弔電

技術の発達や世情の変化で電話が携帯する道具になった現代でも、電報は途絶えることなくサービスが続けられています。
電報の主な使い道である弔電は、お葬式に駆けつけられない場合などにとても役立つサービスです。ここでは弔電のマナーや文例について解説していきます。

弔意を伝える電報・弔電の文章とマナー

親しい人やお世話になった人の訃報が届いた時、物理的にお葬式に行けそうに無い状況にあった場合は弔電を打つのがしきたりと言えます。

場合によっては、面識が薄い人の訃報に対しては弔電で済ませることもあります。弔電で遺族に弔意を伝えるための文面とマナーについて紹介します。

弔電とは?

弔電は、訃報が届いた際に弔問へ行けない場合に利用する略式の作法です。
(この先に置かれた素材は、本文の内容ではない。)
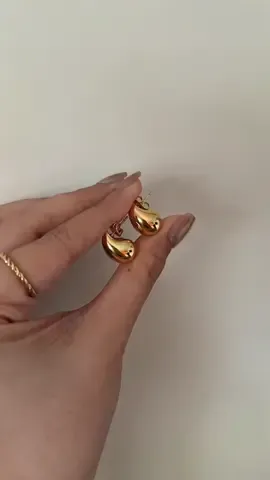 saur classy earrings! #earrings #dropearrings #goldearrings #jewelry #earringsforwomen #classyearrings #fyp #trending #viralvideos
ですから、弔問に行ける場合は打つ必要はないものと考えてよいでしょう。

弔電を伝達する電報は文字数に制限があるので、出来るだけ簡潔な文章でお悔やみを伝えるのが基本です。

最近はインターネットから電報を打つことが出来るようになり、電話局に電話で申し込む必要がなくなっています。

便利なサービス

弔電を利用する際には、内容の文字数に合わせた料金と台紙代が掛かります。電報を取り扱っているNTTでは、お悔やみ用の台紙にプリザーブドフラワーを付属できる有料サービスを行っています。
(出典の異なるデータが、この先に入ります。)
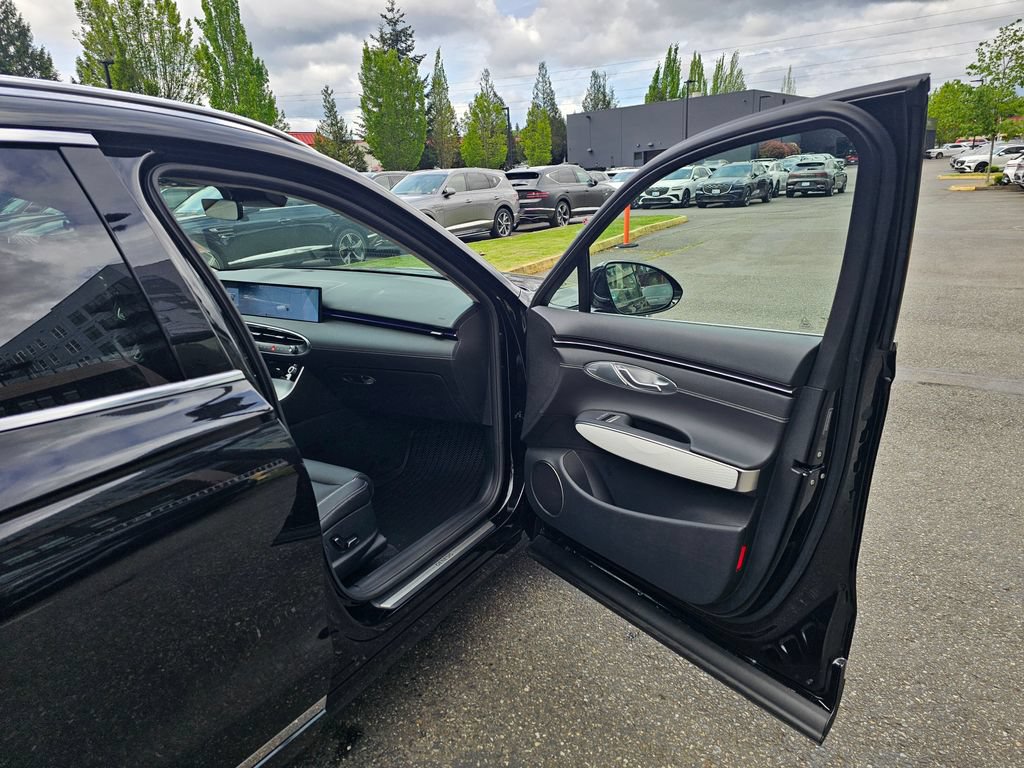 New 2026 Genesis GV70 2.5T Advanced AWD/4WD image 28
つまり弔電と献花を一度に行えるので、弔意を示すには最適のサービスと言えます。

また、定型文サービスを使えば文面を考える手間が省けるのも見逃せません。用意されている定型文は使う頻度の高いお悔やみの言葉を組み合わせているので、マナーに反しない無難な弔電を打てるといえます。

弔電の文例とマナー

弔電を打つ際には幾つかの守らなければならないマナーがあります。また、文面も故人との関係や事情に即したものを選ぶ必要があります。弔電にはどのようなマナーがあり、どのような文章を作れば良いのでしょうか?

文章はシンプルに

弔電では、パソコンの電子メールと違って本文に使った文字数の文だけ料金が上がります。最低の25文字で税抜き660円、65文字1380円を越えると5文字ごとに税抜き90円ずつ値上がりしていきます。そのため、文面は出来る限り簡潔にして弔意を伝えるものにしなければなりません。

お葬式が終わった後は?

弔電は、お葬式に出席できない場合に利用する略式の方法です。弔電を打ったならばお葬式に出席しなくても良いのですが、その後弔問に訪れなくても良いというわけではありません。

故人との親交が深かった場合、弔問に訪れない方が失礼に当たるのでお花代を包んで仏壇に供えるよう心がけましょう。

弔電の文章の例

弔電に使う文章は文字数の制約上、内容が定められていると言えます。NTTで用意されている定型文でも問題は無いと言えますが、心からの弔意を伝えたいならば自分で考えるのが最善と言えます。

故人と喪主の関係による呼び方の違い

弔電では故人を喪主との関係に基づく敬称で呼ぶのが慣わしです。

喪主の父親は「御尊父様」「お父上」「お父様」、母親は「御母堂様」「お母上」「お母様」、祖父母は「お祖父様」「お祖母様」です。

夫は「ご主人様」「旦那様」、妻は「御令室様」「ご令閨様」「奥様」、息子は「御子息様」「御令息様」、娘は「御息女様」「御令嬢様」です。

兄弟は「御令兄様」「御令弟様」「御令姉様」「御令妹様」、夫側の父母は「お舅様」「お姑様」、妻側の父母は「お岳父様」「お岳母様」という敬称を使います。

お悔やみの言葉の例

弔電でよく使われるお悔やみの言葉としては、「(故人)様の突然の御逝去に、心からお悔やみ申し上げます」が挙げられます。

文字数による料金の値上がりを気にしないならば「突然の訃報に接し、言葉もありません。在りし日のお姿を偲び心からのご冥福をお祈り申し上げます」などが良いでしょう。

重ね言葉や繰り返し言葉を避け、遺族をいたわり故人に哀悼の意を示す文面を考えるようにしましょう。